There’s a very large crabapple tree in my backyard that produces beautiful red apples in September.Usually, the apples fall to the ground creating a mess that attracts wasp, but this year I broke out the extension ladder and picked about 25 pounds of fruit. Almost getting stuck on my garage roof aside, picking my own tree and turning into preserves that I’ll use over the next several months has been very satisfying!
Crabapples are very high in pectin which resulted in using much more water than regular applesauce recipes call for. I also wanted to make unsweetened sauce, but after tasting my first batch, I decided it’s more palatable to add a sweetener.
By the third batch I had the technique down; it turned out so well, I’m tempted to risk getting stuck on the garage again to pick more apples and make more sauce. This will definitely be something I make in future preserving seasons.
Crabapples – about 1 lb. per pint jar (450 g per 500 mL jar)
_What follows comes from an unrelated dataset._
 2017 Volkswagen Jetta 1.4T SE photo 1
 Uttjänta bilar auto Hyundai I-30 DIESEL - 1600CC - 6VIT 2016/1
Water – enough to cover the crabapples
Sugar – depending on your taste, 1/8 cup to 1 cup per pint jar
Optional addition to each jar:
1 cinnamon stick or
1 whole star anise or
1/2 a vanilla bean pod, seeds scraped out and saved for something else
Prepare mason jars and have hot for packing sauce. Have sealable lids ready in hot water.
Rinse apples and trim off stems and bottom. No need to peel or core them.
Bring apples, water and sugar to a boil in a large pot over medium-high heat, stirring periodically to avoid burning. Reduce heat to simmer and cook until apples start to become mushy. Mash with a potato masher until it reaches a fairly smooth consistency. You may pass the mixture through a food mill or pack it as is.
Pack in prepared jars (with additions you’d like to make) and process in a water bath as per the National Center for Home Food Preservation.
Note: you can also package and freeze the sauce if you have the freezer space.
I’m thinking this sauce will be good for The Best Muffins, served with pork chops or turkey, or reduced and swirled into a cheesecake. There are many possibilities!